Working with a designer can involve a lot of back and forth. It’s best to provide as much information as possible and all the materials they’ll need right from the beginning. To get you started, we’ve put together a checklist of everything your graphic designer will expect you to provide.
- A few sentences or a paragraph describing the work needed.
- An outline of the project’s purpose, objectives, and key messaging.
- Direction on the overall style and tone of the project.
- A comprehensive list of all required activities, deliverables, and timelines.
- Who is your intended audience?
- Outline any relevant demographic and psychographic information.
- Fonts and font sizes.
- Company specific assets and logos.
Project Specific Details:
- Important dates or milestones.
- Titles, slogans, or CTA links.
- Sizes and resolutions for images.
Any Additional Assets:
- Third party logos, including partners, sponsors, and affiliated organisations.
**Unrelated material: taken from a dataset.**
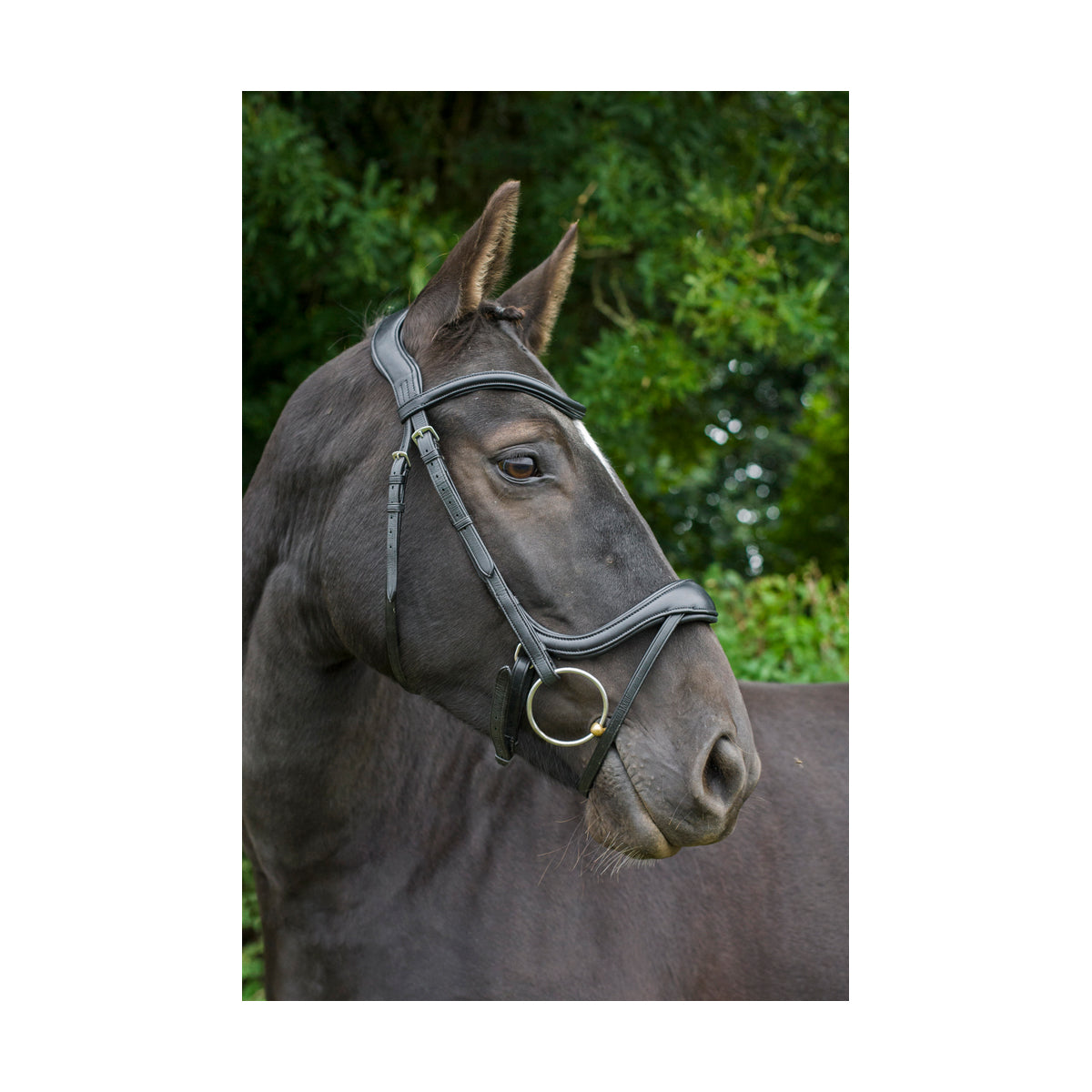Ecosoft Enigma Bridle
- Standardised logos, like recycling logos, or ISO numbers.
The brief provides the foundation for your project. But no matter how comprehensive it may be, you’ll still need to maintain clear and regular contact with your designer throughout the process
Share Your Ideas
Most designers are more than happy to hear your thoughts or ideas. By being present and accessible, you can help to shape the project. It’s great to collaborate and bounce ideas off each other and can even help your project progress more organically. However, if you find yourself really struggling for ideas, be prepared to factor this into your timescales and costs. You don’t want ideas generation taking up the bulk of your design budget.
Keep Your Designer in the Loop
If anything in the project changes, let your designer know straight away. If they are working on assets that will need major changes, any delay will waste your time as well as theirs. Be sure to create a succinct list of what needs altering, rather than pointing out changes one at a time. It’s much easier for a designer to work on a project when they can see the whole picture. Finally, make sure you check in with your designer at regular intervals. Depending on the timeframe of the project, this could be every few days to every week.
Be Constructive and Specific with Feedback
When your brief is vague or too broad, you’ll need to provide constructive feedback to narrow things down. If you receive work that doesn’t align with your vision, try not to dismiss the designer’s interpretation out of hand. You need to explain why it’s not working so that you can both move forward constructively.
Working with a graphic designer will elevate your visual branding and help you engage your audience. Just remember, clear and open communication is essential to your design project’s success. Offer up as much information as you can in a detailed brief and empower them to fill in the blanks when you are unsure. Be responsive with feedback, but also receptive to your designer’s ideas and expertise. Maintaining a direct line of communication throughout the project will keep everyone on the same page and will get you the results you desire.